It has been argued that the vorticity redistribution method introduces significant additional complexity in a vortex computation. We cannot agree with this sentiment, at least not if a fast summation algorithm is used to find the velocity field in the convection step. In its simplest implementation, followed in this paper, the redistribution method needs to do two things for each vortex: identify the neighboring vortices and solve the redistribution equations.
Neighboring vortices are already identified by the fast summation procedure used to find the velocities. In our program, that part of the fast summation process was simply repeated in the redistribution stage to account for the different neighborhood sizes in fast summation and redistribution. Thus there is no significant further complexity with regard to this requirement.
While our method also requires the solution of the redistribution equations, this does not truly add complexity to our procedure either. Solution of a linear system of equations is a standard mathematical problem, not a problem specific to the vorticity redistribution method. Ideally, the redistribution equations are merely handed to a `canned' library routine for solution. Actually, we wrote our own subroutine based on an algorithm found in literature [1].
If there is no solution to the redistribution equations, a vortex needs to be added. This too, is a very simple process. We simply try a few locations for this vortex and stick it in the largest hole we find.
It is important to note that none of the above requirements depends on what flow is being computed. The complexity of the flow does not affect them. The length scales and the strength of the convective processes do not affect them. No parameters need to be chosen based on the flow properties. In other words, these issues need to be addressed only once.
While admittedly the random walk method is even simpler to apply than our method, in our opinion particle methods are not. First, while our method extends the vortex distribution automatically from the solid surfaces into the field, a particle method faces a separate mesh generation problem: it needs to create an effective partitioning and quadrature procedure. Such problems can become difficult for complex configurations. Yet, in order to resolve the diffusion cores with the minimum number of vortices, an effective vortex distribution is highly desirable.
Further, a particle method needs to monitor its vortex distribution. It needs to formulate criteria that determine whether a given distribution, with widely varying local properties, needs to be updated globally. Or it needs to address the even more complex issue of local updating. It needs to update the vortex distribution without introducing artificial diffusion or smearing steep gradients. The best choices for the time interval between updating, the new point distribution, the transfer of vorticity between meshes, etcetera, all depend on the actual flow being computed. Optimal choices will require trial and error.

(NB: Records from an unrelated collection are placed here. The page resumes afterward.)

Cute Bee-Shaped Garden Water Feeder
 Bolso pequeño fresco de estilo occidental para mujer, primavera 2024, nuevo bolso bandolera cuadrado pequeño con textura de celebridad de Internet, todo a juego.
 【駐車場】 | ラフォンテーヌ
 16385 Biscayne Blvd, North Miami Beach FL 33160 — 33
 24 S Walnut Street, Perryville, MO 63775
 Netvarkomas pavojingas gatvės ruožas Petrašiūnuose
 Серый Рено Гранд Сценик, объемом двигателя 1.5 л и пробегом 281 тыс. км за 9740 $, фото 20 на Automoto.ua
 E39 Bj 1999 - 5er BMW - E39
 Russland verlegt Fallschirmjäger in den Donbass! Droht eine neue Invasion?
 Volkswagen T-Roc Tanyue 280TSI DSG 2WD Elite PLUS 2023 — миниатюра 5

Furthermore, particle methods face the need to select a smoothing function to perform diffusion. This function must be selected a priori in order to be able to perform the computation of the diffusion process. Since at that time not much may be known about the flow to be computed, an optimal choice will not always be a simple task.
The vorticity redistribution method has it much easier since the computation of the diffusion processes does not depend on a smoothing function. A smoothing function is only used in the final evaluation of the results. At that time, much more information is available since the strength of the vortices has already been determined. It also makes it possible to optimize the size or shape of the smoothing function based on the computed properties without repeating the complete computation.
Admittedly, in an actual computation at nonzero Reynolds number, a smoothing function must still be used to find the velocity field. However, experience indicates that the choice of this smoothing function is often not very critical. For example, Milinazzo and Saffman [155] obtained meaningful random walk results with a very small smoothing function. Goodman, Hou, and Lowengrub [91] show that no smoothing function is necessary if the vortices are initially uniformly spaced.
Thus the vorticity redistribution method is simple to apply and flexible. On the other hand, additional complications can certainly arise if its performance is to be optimized. For example, while extended convection is not a problem for accuracy as in particle methods, it can certainly reduce numerical efficiency. As discussed in subsection 6.2.3, it is desirable to combine vortices that approach very closely. While there are no associations between vortices that need to be maintained, it would still have to be shown that this process does not introduce instability or inaccuracy. We note however that we have used it without difficulty for the computations in section 8.2 and elsewhere [202,203,204].
Similarly, solving the redistribution equations from scratch at every time-step seems wasteful: as pointed out in subsection 6.2.1, these equations change little from one time-step to the next. Yet, to use the solution of one time-step during the next one would clearly add complexity, such as what information to save from one time-step to the next, and how to update the old solution.
For higher order of accuracy, the conditioning of the redistribution equations needs to be considered. It would need to be determined whether it might be advantageous to recast the equations in other equivalent forms. The effects of numerical errors in the solution process would need consideration. Again, such considerations would be independent of the flow being considered.